## EXERCISE DESCRIPTION:
Write the lines below out exactly, dropping each picture.

## MATERIAL PROVIDED:
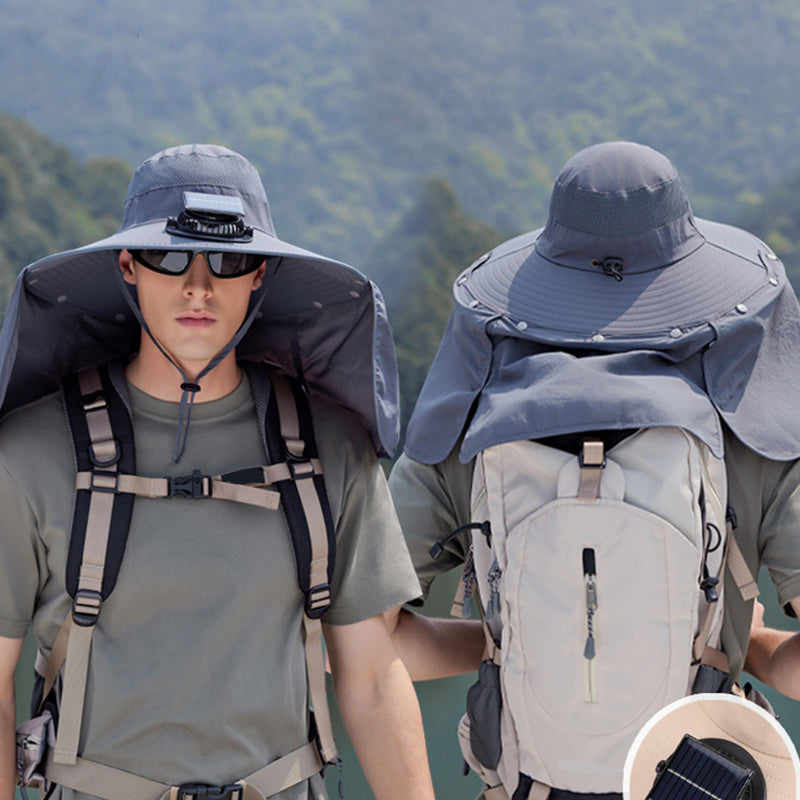 Solar-Powered Single Fan Sun Hat – Detachable & Wide Brim Outdoor UV Protection Fishing Cap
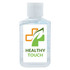 A clear 60ml hand sanitiser gel bottle with a white cap and a logo on the front. Contains 75% ethyl-alcohol.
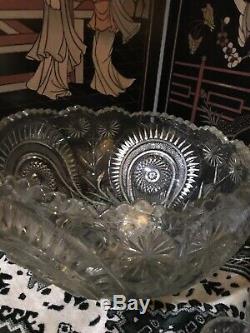 Antique Cut Crystal Punch Bowl Pinwheel & Stars & 8 matching Glasses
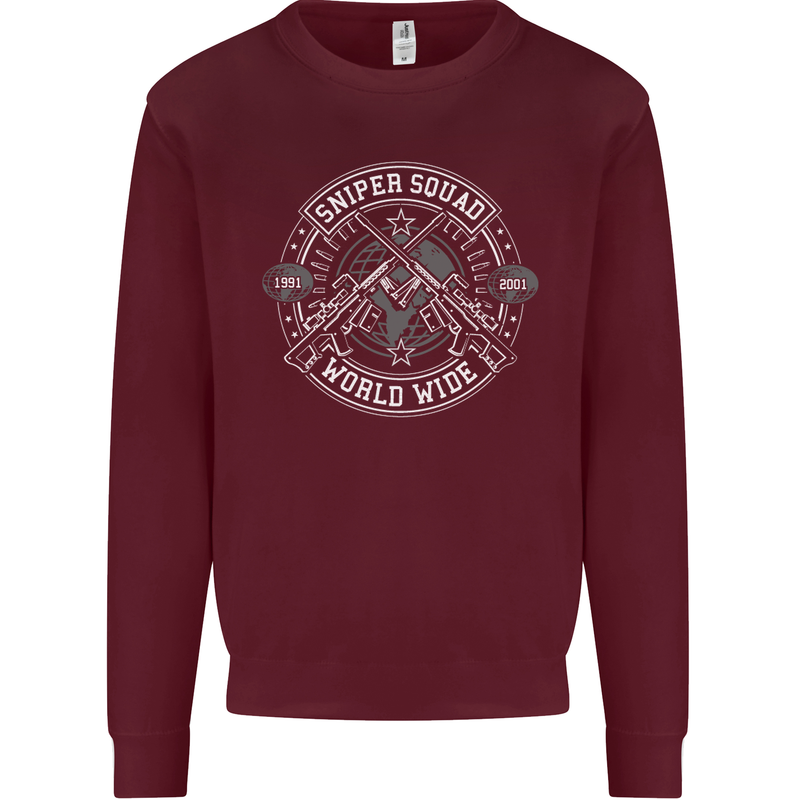 Sniper Squad Worldwide Army Para Marines Mens Sweatshirt Jumper Maroon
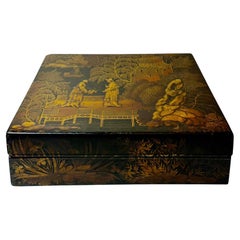 Boîte à Chinoiserie en laque noire anglaise du début de la Régence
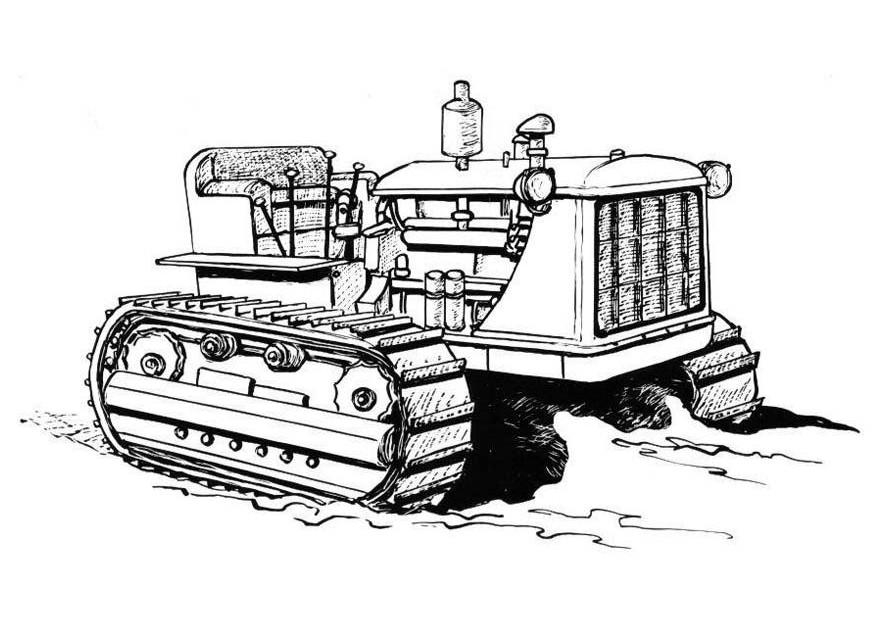 Coloriage d'un tracteur sur un champ verdoyant
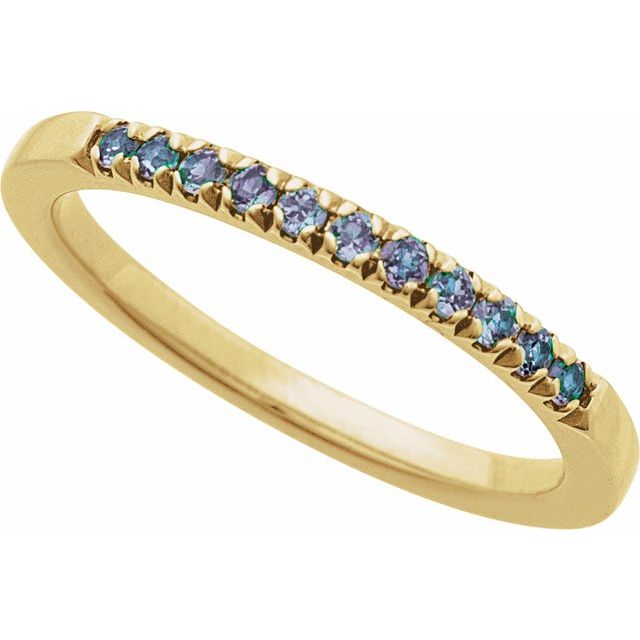689237 / Ring / Set / 10K Yellow / Natural Alexandrite / Round / 1.5 Mm / Polished / Natural Alexandrite Birthstone Ring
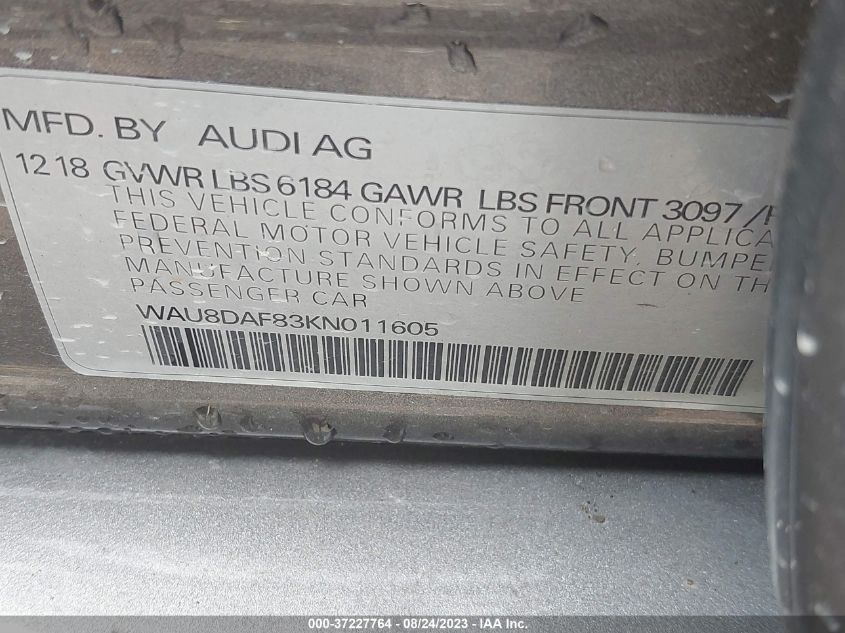 2019 AUDI A8 - WAU8DAF83KN011605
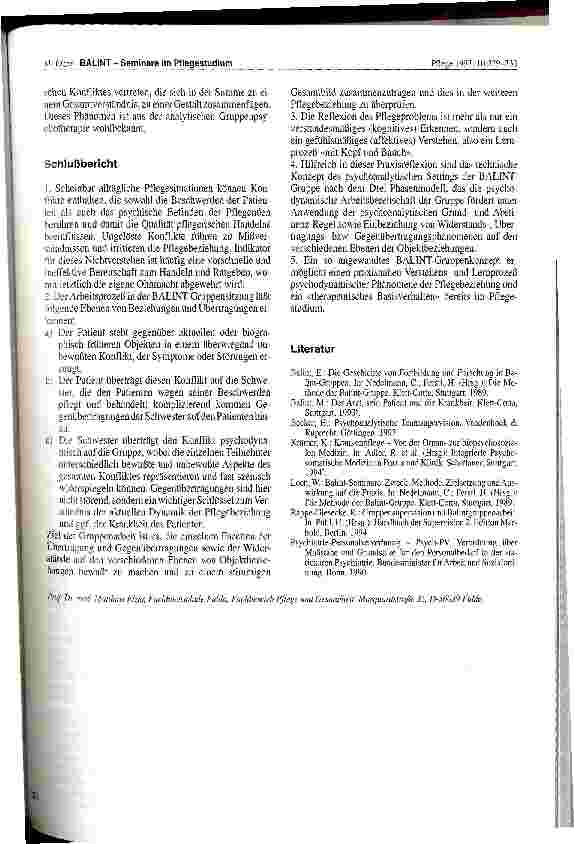 Vorschauseite 5: Balint-Seminare im Pflegestudium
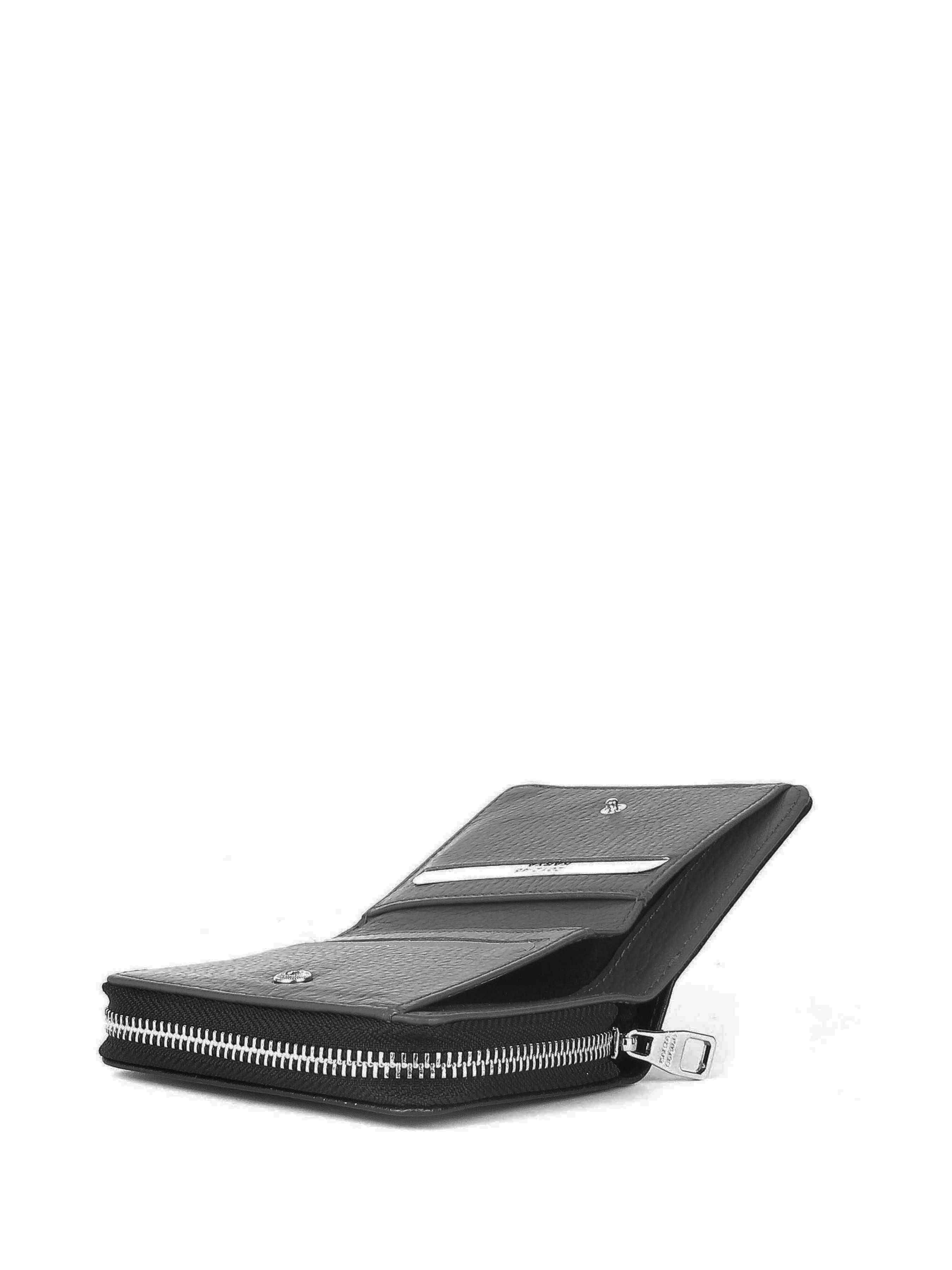 Cartera de piel italiana Negro 2012-45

## ANSWER SPACE:
 Solar-Powered Single Fan Sun Hat – Detachable & Wide Brim Outdoor UV Protection Fishing Cap
 A clear 60ml hand sanitiser gel bottle with a white cap and a logo on the front. Contains 75% ethyl-alcohol.
 Antique Cut Crystal Punch Bowl Pinwheel & Stars & 8 matching Glasses
 Sniper Squad Worldwide Army Para Marines Mens Sweatshirt Jumper Maroon
 Boîte à Chinoiserie en laque noire anglaise du début de la Régence
 Coloriage d'un tracteur sur un champ verdoyant
689237 / Ring / Set / 10K Yellow / Natural Alexandrite / Round / 1.5 Mm / Polished / Natural Alexandrite Birthstone Ring
 2019 AUDI A8 - WAU8DAF83KN011605
 Vorschauseite 5: Balint-Seminare im Pflegestudium
 Cartera de piel italiana Negro 2012-45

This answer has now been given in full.